Grandma Gedney and My Birthday 2008

This is a blog from another site... I thought I would repost it here in regards to my latest post Birthday Week 2010!

"Oh, Crap" was the first thing I heard yesterday morning. John had accidentally set our clock wrong, so we were running late for Rachel's school. After a bit of rushing around and about 15 minutes later John remembered to say, "Happy Birthday". I thought it was kind of a funny way to start my day.

Many people have asked what I did on my birthday. To be honest, it was one of the strangest birthdays I have ever had. However, in some sort of odd way it ended up being a very reflective day. The older I get the more I like to examine my life and where it is, where it is going, am I happy and am I where God wants me to be? John always thinks this is weird like I am some old lady.
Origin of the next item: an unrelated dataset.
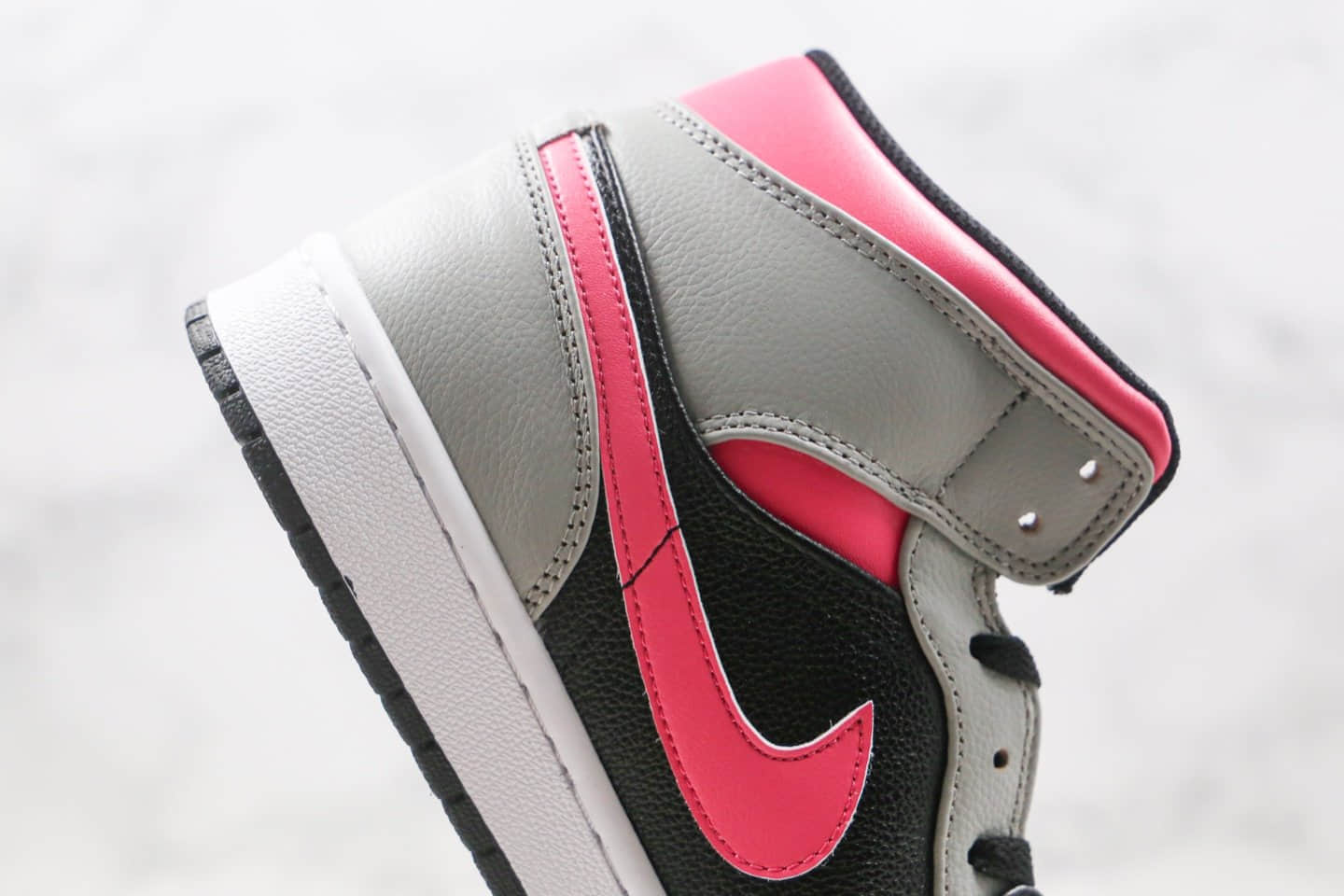 乔丹Air Jordan 1 Mid Pink Shadow纯原版本中帮AJ1黑灰粉色篮球鞋原档案数据开发 货号：554724-059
I spent the majority of my day at Mrs. Gedney's funeral. I didn't know her at all. She is the grandma of two kids in our youth group. When we got there, my pastor sang, "Happy Birthday" to me in a whisper. I'm not gonna lie, that was a little weird as I am looking at Grandma Gedney in her coffin. Nothing like bringing it home that we are born, we live and then we die, "Happy Birthday to me".

My first thoughts were what a great way to celebrate my birthday…thinking of death. Somehow, God always seem to surprise me and change everything. During the funeral, I learned what a loving, caring and wonderful woman of God she was. She loved her family and they loved her. She loved God with her entire being. She loved her church and she loved doing things for God. Proverbs 31 was read to describe Grandma Gedney. To be honest, that has always been my goal to be a Proverbs 31 woman. Then something remarkable happened, Craig the kid in our youth group stood up and read a beautiful remembrance of his Grandma. Just like as if I were his mom I began to cry, I was so proud of him and what he was saying. Not just because of his well written memories; but at the depth of his understanding of the things eternal.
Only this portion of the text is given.